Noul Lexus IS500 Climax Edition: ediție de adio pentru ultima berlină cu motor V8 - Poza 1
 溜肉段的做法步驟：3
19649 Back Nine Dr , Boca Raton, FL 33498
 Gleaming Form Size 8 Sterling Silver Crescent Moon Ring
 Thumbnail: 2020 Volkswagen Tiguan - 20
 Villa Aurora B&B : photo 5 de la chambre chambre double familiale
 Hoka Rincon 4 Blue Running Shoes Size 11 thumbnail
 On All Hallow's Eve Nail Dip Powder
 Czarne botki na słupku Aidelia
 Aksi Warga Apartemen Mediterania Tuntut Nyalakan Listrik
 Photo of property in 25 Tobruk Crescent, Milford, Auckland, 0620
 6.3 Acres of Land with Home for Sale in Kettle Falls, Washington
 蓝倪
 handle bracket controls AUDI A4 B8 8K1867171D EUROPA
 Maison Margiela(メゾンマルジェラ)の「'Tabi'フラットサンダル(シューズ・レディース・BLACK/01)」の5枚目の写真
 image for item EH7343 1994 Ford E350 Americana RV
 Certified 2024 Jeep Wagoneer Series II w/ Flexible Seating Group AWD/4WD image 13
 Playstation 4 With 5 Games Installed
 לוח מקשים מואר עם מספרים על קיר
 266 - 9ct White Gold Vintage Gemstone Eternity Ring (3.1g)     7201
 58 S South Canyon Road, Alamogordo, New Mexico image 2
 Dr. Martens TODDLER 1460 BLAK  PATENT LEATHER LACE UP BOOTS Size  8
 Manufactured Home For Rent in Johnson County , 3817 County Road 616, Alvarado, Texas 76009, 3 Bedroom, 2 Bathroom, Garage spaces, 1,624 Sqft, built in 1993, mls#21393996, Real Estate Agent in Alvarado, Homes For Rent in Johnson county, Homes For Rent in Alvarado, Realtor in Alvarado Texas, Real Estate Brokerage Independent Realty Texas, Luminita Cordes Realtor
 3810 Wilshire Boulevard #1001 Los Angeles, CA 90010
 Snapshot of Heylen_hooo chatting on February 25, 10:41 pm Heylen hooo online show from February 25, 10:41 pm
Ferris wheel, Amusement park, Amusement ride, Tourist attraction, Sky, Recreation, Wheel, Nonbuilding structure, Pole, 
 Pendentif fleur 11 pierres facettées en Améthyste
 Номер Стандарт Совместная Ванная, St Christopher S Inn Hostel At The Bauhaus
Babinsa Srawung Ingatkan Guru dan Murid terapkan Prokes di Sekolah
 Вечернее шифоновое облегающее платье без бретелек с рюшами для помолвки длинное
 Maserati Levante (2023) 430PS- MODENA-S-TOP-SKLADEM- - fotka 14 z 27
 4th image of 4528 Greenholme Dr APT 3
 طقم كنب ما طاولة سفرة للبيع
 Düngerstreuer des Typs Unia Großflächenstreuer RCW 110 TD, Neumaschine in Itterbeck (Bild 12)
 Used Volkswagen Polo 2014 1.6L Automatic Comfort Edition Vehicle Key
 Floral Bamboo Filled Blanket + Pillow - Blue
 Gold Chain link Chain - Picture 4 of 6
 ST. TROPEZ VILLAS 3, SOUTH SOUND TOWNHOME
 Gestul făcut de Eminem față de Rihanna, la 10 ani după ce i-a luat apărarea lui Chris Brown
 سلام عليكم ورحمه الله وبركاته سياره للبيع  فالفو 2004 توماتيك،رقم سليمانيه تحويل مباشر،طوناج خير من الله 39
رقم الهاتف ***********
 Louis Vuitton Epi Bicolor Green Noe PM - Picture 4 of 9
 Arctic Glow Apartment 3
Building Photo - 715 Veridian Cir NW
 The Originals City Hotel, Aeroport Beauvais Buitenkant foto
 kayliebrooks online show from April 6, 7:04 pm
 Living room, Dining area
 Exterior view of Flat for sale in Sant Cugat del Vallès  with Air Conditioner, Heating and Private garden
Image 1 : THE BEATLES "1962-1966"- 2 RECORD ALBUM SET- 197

**Your assignment**
Please repeat each line from the one with "Gestul făcut de" through the last line of the data above, and add nothing.

**Task answer**
 Gestul făcut de Eminem față de Rihanna, la 10 ani după ce i-a luat apărarea lui Chris Brown
 سلام عليكم ورحمه الله وبركاته سياره للبيع  فالفو 2004 توماتيك،رقم سليمانيه تحويل مباشر،طوناج خير من الله 39
رقم الهاتف ***********
 Louis Vuitton Epi Bicolor Green Noe PM - Picture 4 of 9
 Arctic Glow Apartment 3
Building Photo - 715 Veridian Cir NW
 The Originals City Hotel, Aeroport Beauvais Buitenkant foto
 kayliebrooks online show from April 6, 7:04 pm
 Living room, Dining area
 Exterior view of Flat for sale in Sant Cugat del Vallès  with Air Conditioner, Heating and Private garden
Image 1 : THE BEATLES "1962-1966"- 2 RECORD ALBUM SET- 197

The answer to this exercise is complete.